Using PostgreSQL Similarity % Operator with the ORM

I’ve been researching this subject pretty hard for the past few weeks, and I’ve yet to come up with a nice solution. I’m working on a searching tool to utilize across my entire project, and needing to add fuzzy search. To achieve this, I followed the suggestion of the Django Docs and implemented the trigram search method, pg_trgm, in my project.

Using the following query, I’m able to “fuzzily” search my DB, great!

Author.objects.annotate(
...     similarity=TrigramSimilarity('name', query),
... ).filter(similarity__gt=0.3).order_by('-similarity')

The issue with this is the speed. I found when using the TrigramSImilarity function, it does not utilize any indexes created on the DB, including the ones using the Trigram Operator indexes

            GinIndex(name='trigram_task_title_idx', fields=['title'], opclasses=['gin_trgm_ops']),
            GinIndex(name='trigram_task_desc_idx', fields=['description'], opclasses=['gin_trgm_ops']),

My solution to this was using the PostgreSQL % operator! This utilizes the index, so all is well… Until I realized the only way I can get this to work is with Raw SQL queries.

SELECT id, title, description, owner_id, %(s_type)s AS s_type, (1 - (title <-> %(query)s)) AS similarity FROM course_requirement WHERE company_id=%(company_id)s AND (title %% %(query)s OR description %% %(query)s) order by similarity limit 50

(The %% represents % in Raw SQL)

Anyway, this has caused issues since now we cannot extend off of the QuerySet it returns. Since we are given a RawQuerySet, we can’t perform any Django ORM operations, and I’m forced to convert to a list of dicts for any way to work with them, which just isn’t scalable.

Is there any way I can use the PostgreSQL % operator using the ORM, or convert the RawQuerySet to a normal QuerySet?

Thanks!

1 Like

:wave: @Kandles11

Until I realized the only way I can get this to work is with Raw SQL queries.

This should not be the case, using the % operator should be doable through custom lookups.

Did you try implementing one?

1 Like

I had never heard of this until now, so I haven’t tried it out. Upon first impressions, it looks like this would work! I’ll try it out and report back.

Thank you for your help!

e.g.

from django.db.models import CharField, Lookup, TextField

class Similar(Lookup):
    lookup_name = "sim"

    def as_postgresql(self, compiler, connection):
        lhs_sql, lhs_params = self.process_lhs(compiler, connection)
        rhs_sql, rhs_params = self.process_rhs(compiler, connection)
        params = lhs_params + rhs_params
        return f"{lhs_sql} % {rhs_sql}", params

CharField.register_lookup(Similar)
TextField.register_lookup(Similar)

And then

Requirement.objects.filter(
   Q(title__sim=query) | Q(description__sim=query)
)
2 Likes

With one minor change, (changing % to %%), this ended up working perfectly!
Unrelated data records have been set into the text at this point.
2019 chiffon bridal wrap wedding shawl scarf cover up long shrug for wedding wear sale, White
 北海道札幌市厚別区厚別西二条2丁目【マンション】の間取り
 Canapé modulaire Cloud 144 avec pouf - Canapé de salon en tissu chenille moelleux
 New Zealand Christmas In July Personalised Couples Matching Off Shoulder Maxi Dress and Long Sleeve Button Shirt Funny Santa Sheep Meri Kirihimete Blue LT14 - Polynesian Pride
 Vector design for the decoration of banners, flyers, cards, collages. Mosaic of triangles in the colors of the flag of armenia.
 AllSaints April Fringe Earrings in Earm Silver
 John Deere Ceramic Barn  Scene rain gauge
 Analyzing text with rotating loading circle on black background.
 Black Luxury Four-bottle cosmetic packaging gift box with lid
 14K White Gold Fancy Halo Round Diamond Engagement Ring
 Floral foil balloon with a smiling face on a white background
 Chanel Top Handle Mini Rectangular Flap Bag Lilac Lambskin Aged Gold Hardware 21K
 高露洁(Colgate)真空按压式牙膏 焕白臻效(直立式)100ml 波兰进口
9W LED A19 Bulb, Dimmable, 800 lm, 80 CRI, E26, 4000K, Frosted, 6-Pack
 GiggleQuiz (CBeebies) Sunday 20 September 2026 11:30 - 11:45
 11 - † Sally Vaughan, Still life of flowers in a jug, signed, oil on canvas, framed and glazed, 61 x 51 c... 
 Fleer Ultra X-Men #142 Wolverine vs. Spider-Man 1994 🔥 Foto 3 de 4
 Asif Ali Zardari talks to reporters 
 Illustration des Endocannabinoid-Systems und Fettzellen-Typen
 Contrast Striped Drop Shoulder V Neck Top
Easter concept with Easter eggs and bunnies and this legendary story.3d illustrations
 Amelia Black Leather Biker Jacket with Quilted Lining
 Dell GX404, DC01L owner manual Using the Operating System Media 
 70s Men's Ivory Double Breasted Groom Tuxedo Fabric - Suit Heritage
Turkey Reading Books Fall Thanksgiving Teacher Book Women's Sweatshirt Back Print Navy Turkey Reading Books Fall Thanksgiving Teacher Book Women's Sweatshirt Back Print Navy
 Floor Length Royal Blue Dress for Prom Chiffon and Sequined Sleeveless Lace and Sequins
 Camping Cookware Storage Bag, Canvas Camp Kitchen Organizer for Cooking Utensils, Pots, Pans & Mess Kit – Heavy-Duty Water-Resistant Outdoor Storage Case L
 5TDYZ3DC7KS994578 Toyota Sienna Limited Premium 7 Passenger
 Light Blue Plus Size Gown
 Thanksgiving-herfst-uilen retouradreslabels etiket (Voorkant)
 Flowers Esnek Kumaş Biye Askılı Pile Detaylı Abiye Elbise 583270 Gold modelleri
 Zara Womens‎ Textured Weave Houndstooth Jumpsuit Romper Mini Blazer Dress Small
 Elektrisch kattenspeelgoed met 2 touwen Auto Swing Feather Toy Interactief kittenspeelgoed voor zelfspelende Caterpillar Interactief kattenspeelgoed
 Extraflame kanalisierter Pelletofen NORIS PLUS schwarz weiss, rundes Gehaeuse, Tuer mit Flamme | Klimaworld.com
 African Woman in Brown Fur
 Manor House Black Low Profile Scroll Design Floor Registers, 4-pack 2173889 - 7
Checking the SQL explanation, it now uses the % operator, which uses the index!

I’ll have to refactor everything to utilize this, but it’ll all be worth it, and I know this is going to make a huge difference for everybody working on the project.

Thanks again!

1 Like

How do you set the threshold parameter in that case?

In this situation, I’m relying on the threshold set in the database. This means that it will apply for every query, and you can’t change it on the fly.

SET pg_trgm.similarity_threshold = 0.15;

More info about this can be found here:
Postgres Docs